Why? Let me tell you why.
(The following is a collection of moments over the last month that have either happened to me, or to women of my acquaintance. And yes, it's a little bit ranty.)
The other day I was sitting on a bus and looked up to see the following ad:
All of a sudden, I got mad. Really mad. I would almost consider my rage illogical except that I think my reasoning is sound. But before I begin, let me say that I know STIs are currently spreading like wildfire, and I know that I can have Chlamydia and not even know. That is why I get an STI check whenever I have a pap smear. So who is this campaign targeting? I'll tell you who. Women. The website, the resources, the information – all clearly pitched at women. Which is all fine and dandy, but let me tell you about "No Condom Man"
No Condom Man is a common occurrence in our modern world. He is of 'normal' appearance and is therefore very difficult to spot. In fact, he only appears at the 'crucial moment'. That moment when you are on fire and you desperately want him, No Condom Man appears. "Oh baby, you're on birth control aren't you?" "I'm clean, aren't you?" "But it just feels so much better without one". These are his mantras. No Condom Man is an expert at making you feel bad for insisting, and even occasionally 'sneaks it in' before you can stop him. And once that happens? Well. It's easy to get carried away, because it does feel good. But guess who feels guilty afterwards? It certainly isn't No Condom Man.
And here's kicker. Even when you manage to persevere, and the condom comes out of your purse/bedside table – No Condom Man doesn't own any – guess what happens? The minute the latex touches his skin, he goes floppy. Does No Condom Man apologise? No. Because who's fault is it? The woman who insisted he use one. And who's the one left feeling frustrated and even a little bit guilty? You.
So tell me, where is the national ad campaign targeting No Condom Man? Why is it women have the responsibility of not only paying for birth and STI control, but for negotiating its use as well? When we talk about the personal being political, your encounters with No Condom Man are the perfect example. One person has the power to make the other feel uncomfortable, guilty and occasionally, disgusted with themselves. And I tell you what, the person with the power is usually a man. And why shouldn't it be? No one's tax dollars are being spent blaming him for STIs he could have and not even know about.
And besides, it's perfectly okay for a man to put his dick wherever he chooses, unless he's in a relationship, right?
Which brings me to my next point. Men lie.
Okay. That is a rash generalisation – women lie too. All the time. Lying is a people thing, not just a man thing. But until you have had sex with a man, who immediately blurts out afterwards that he's married, has a son and his wife is pregnant, it's hard not to generalise. Especially when it is mother's day weekend. And he asks you if you can have a 'casual thing'. And his wife is calling him as you kick him out the door.
And while you cannot feel bad about someone cheating on their wife with you when you didn't know they had a wife – this sort of thing does not make you feel particularly optimistic about men. Especially when you hear similar tales from other women. And men.

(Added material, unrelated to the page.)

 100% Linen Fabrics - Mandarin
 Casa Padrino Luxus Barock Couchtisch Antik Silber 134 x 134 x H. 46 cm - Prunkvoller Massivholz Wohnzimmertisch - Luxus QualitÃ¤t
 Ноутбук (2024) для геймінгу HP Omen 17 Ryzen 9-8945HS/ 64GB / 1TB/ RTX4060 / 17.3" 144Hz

And so to my last point. Men are bastards.
After chasing you for weeks and finally pulling the moves on you, they go to the bathroom and never come back. They tell you you're amazing and then they never call. They leave before you wake up and they take your money. They let you down.
And yet, despite all of this, we keep going back for more? WTF??
Last night I was told an old german saying – if you put all of the bad men in a bag and beat it with a stick, you'll always hit the right one. I like this saying, and it rather characterised the evening. May hasn't been a great month for me and mine.
So what have these recent experiences taught me? I've discussed this at length, with a variety of close lady friends and after many words of wisdom, reassurances and curse words the general consensus is thus ….
It's time to revisit the selection criteria, and it is time to take a break.
So. I am officially declaring that June 2010 will be a man free zone. Or at least a sex free zone. Or perhaps a no sex with men I haven't met before zone. Or something like that.
Now, this isn't going to be easy. I am going to need all the help I can get. But it must be done. I cannot even begin to think up a list of formalised rules, and while logically 'no drinking' should be right up the top, this is not going to happen. Maybe in July … maybe.
So, dear Interwebs, I ask you to wish me luck, and keep me honest.